The title itself suggests that there’s a historical genre in store, however it gives little away as to the light erotic LGBT content. It’s a film packed with overt horror, underlying messages, a slightly unstable storyline perhaps yet it’s entertaining and gripping in equal measure. The characters are all purposeful and well-rounded which helps to move the action along in a dark, not entirely vampire-driven film set in Shropshire.
The backstory of the sorcerer’s dark conjuring of the female vampire shows him casting his spell on the owner of a country mansion in the year 1807. At the heart of the story is a character called Isabelle (Katie Goldfinch) – she’s investigating the truth behind the legend of the crucible and is therefore sent to the mansion by her University Professor. Isabelle is your archetypal young woman who’s blissfully unaware of the horrors awaiting her and is easily taken in.
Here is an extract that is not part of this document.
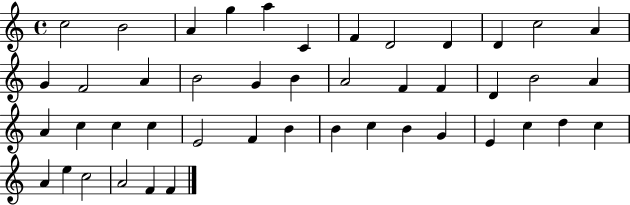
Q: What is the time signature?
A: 4/4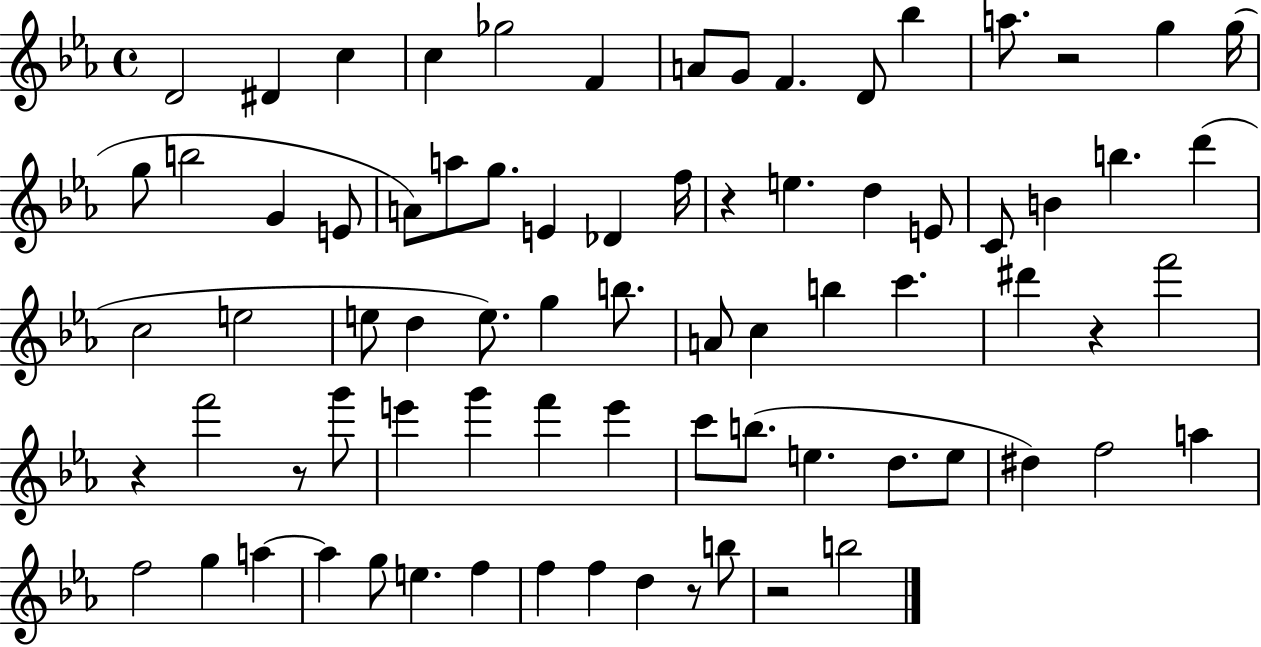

She’s a virgin, therefore she’s just the sort of meat the inhabitants of the mansion are looking for.
Karl (Larry Rew) is the owner, he’s almost a caricature of villainy. His wife, Evelyn (Babette Barat) is almost too over the top in her politeness. Their daughter, Scarlet (Florence Cady) is the most openly ‘delighted’ by the visitor. The introductions set the tone for the rest of the movie. There’s also a fairly innocuous gardener whom it’s wise not to take your eye off – played by Neil Morrissey.
Crucible of the Vampire is a hybrid of Hammer Horror and horror comedy Dark Shadows – from my perspective. There are elements that set out to scare and other scenes I can’t quite take seriously. However it’s a compelling watch with a strong cast and Director/Co-Writer Iain Ross-McNamee has certainly embodied an interesting niche.
Crucible of the Vampire is available on Dual Format (DVD & Blu-ray) from Screenbound Pictures.